Sunday, October 23, 2011

U2 Need to Dream It All Up Again

Bono says U2 are under more pressure to make a good album now than they were when they recorded the career-defining Achtung Baby 20 years ago.



Echoing his "we need to dream it all up again" words when U2 played Dublin's Point Theatre on New Year's Eve in 1989, he told The Irish Times: "It's actually worse for us now than it was when we went to Berlin. We can play the big music in big places. But whether we can play the small music, meaning for the small speakers of the radio or clubs, where people are living, remains to be seen. I think we have to go to that place again if we're to survive.
"There are so many U2 albums out there. We need a reason for another one. The whole point of being in U2 is that we're not here to be an art-house band. Our job, as we see it, is to bring the art house to the mainstream; our job is to puncture the mainstream."
The singer says he sees the future of the music industry in new technology and new formats. "Our last album was the first album to be made available as an app with BlackBerry devices, but it didn't work: the functionality was not what it could have been," he says.

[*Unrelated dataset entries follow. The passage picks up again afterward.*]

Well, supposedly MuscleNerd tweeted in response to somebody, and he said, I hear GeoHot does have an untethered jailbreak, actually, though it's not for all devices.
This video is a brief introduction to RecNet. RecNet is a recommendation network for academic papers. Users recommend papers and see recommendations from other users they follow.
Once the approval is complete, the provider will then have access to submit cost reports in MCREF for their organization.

"New formats are going to happen. I'm always banging on about this. The app format brings you back to that world of gatefold sleeves, of being able to read lyrics - and being able to play the album at home on your plasma TV."

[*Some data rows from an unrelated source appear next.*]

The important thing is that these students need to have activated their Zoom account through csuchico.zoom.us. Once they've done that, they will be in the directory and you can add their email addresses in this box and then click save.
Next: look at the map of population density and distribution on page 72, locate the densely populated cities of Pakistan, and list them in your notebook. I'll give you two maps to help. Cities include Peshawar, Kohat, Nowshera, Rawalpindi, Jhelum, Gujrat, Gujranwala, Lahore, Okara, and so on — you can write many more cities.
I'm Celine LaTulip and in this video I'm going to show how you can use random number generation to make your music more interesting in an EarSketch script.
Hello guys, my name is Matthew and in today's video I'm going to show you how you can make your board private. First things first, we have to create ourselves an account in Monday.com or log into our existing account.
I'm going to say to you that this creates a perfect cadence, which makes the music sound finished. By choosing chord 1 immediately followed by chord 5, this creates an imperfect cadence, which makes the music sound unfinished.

Bono also defended the sales performance of the band's 2009 album, No Line on the Horizon. "We're just about to come to five million sales on No Line on The Horizon, and that, these days, is the equivalent of selling 12 million records," he says. "You can actually do the figures on that. So when you look at it like that, it has the same sales as All That You Can't Leave Behind.

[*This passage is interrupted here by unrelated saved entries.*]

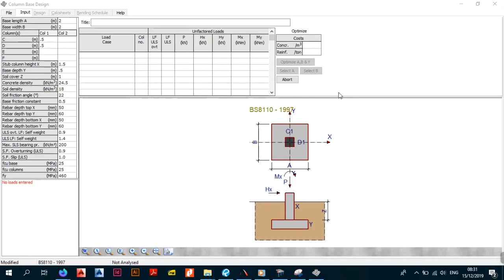Welcome back, this is the BragGeek and this is part two of the foundation design under the ProCode tutorial series. We're continuing looking at isolated footings in ProCode. In this video we're moving on from what we did in the previous video where we looked at inputs — now we're going to be looking at the loads and calculations. We had an error at the bottom which said 'no loads entered,' so you cannot proceed unless you enter the loads.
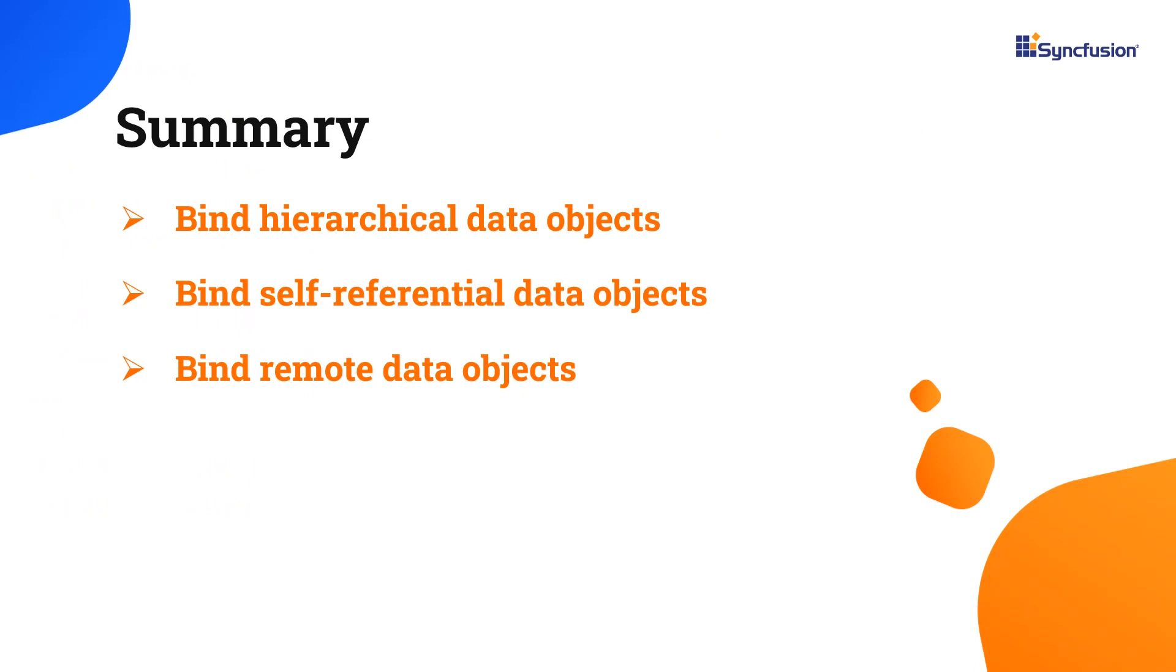In this video, I have shown you how to bind hierarchical, self-referential, and remote data to the Gantt chart component. You can download a working example from the GitHub link in the description for this video below.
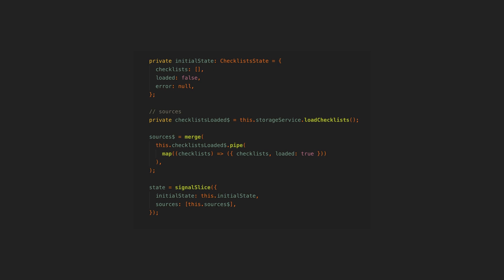I recently built a declarative RxJS and signals based state management utility called Signal Slice, but I didn't realize it would actually end up being a pretty powerful way to manage reactive forms in Angular.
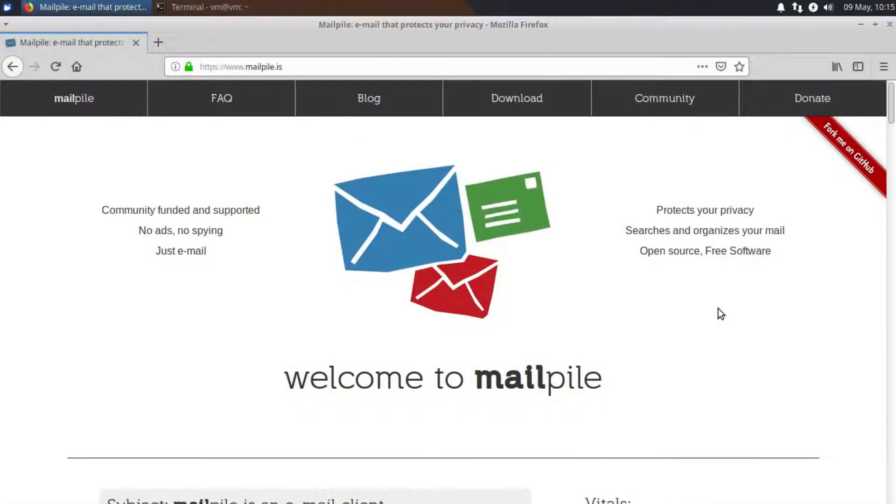Hello, in today's video I am going to be demonstrating how to install the MailPile MailClient.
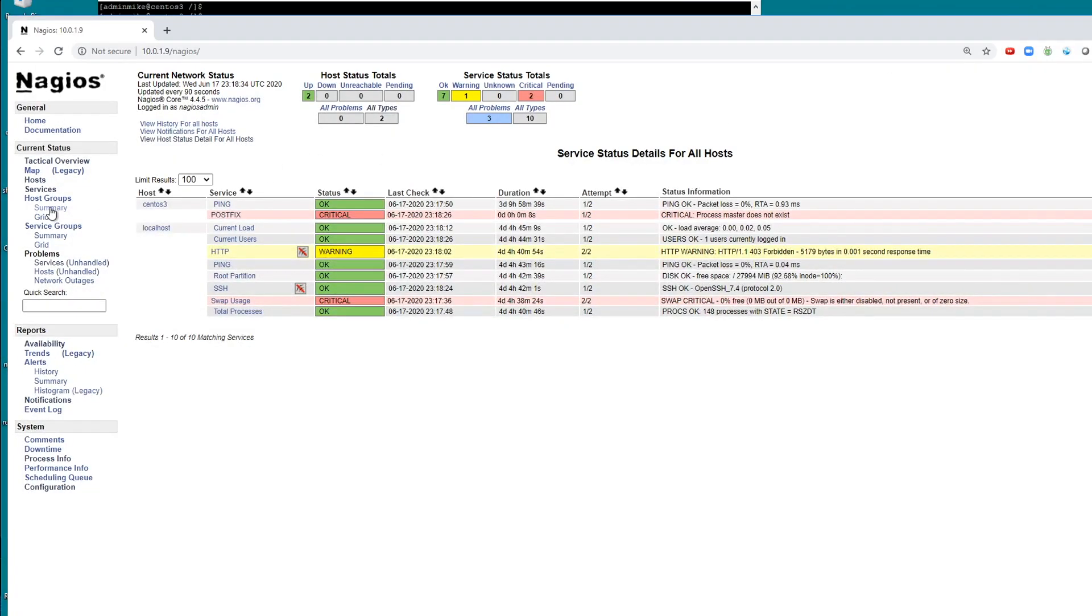So let's check the status again here. It's one out of two. And if we refresh this, we're waiting for it to say two out of two failures. And that's when the auto restart should happen.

"That's despite the fact that No Line doesn't have A Beautiful Day and doesn't have a Stuck in A Moment. There's no pop song on No Line, but it's still sold that amount. It's been an amazing success for an album which is quite a complex piece of work and doesn't have one single pop song on it."
"People say Get on Your Boots was the wrong single, but it's great live. Unfortunately in the last few weeks of finishing the album, we didn't have the objectivity. We figured out Get on Your Bootslater, when we were on the road and it became a much better song. I think Unknown Caller is a classic, as is Moment of Surrender."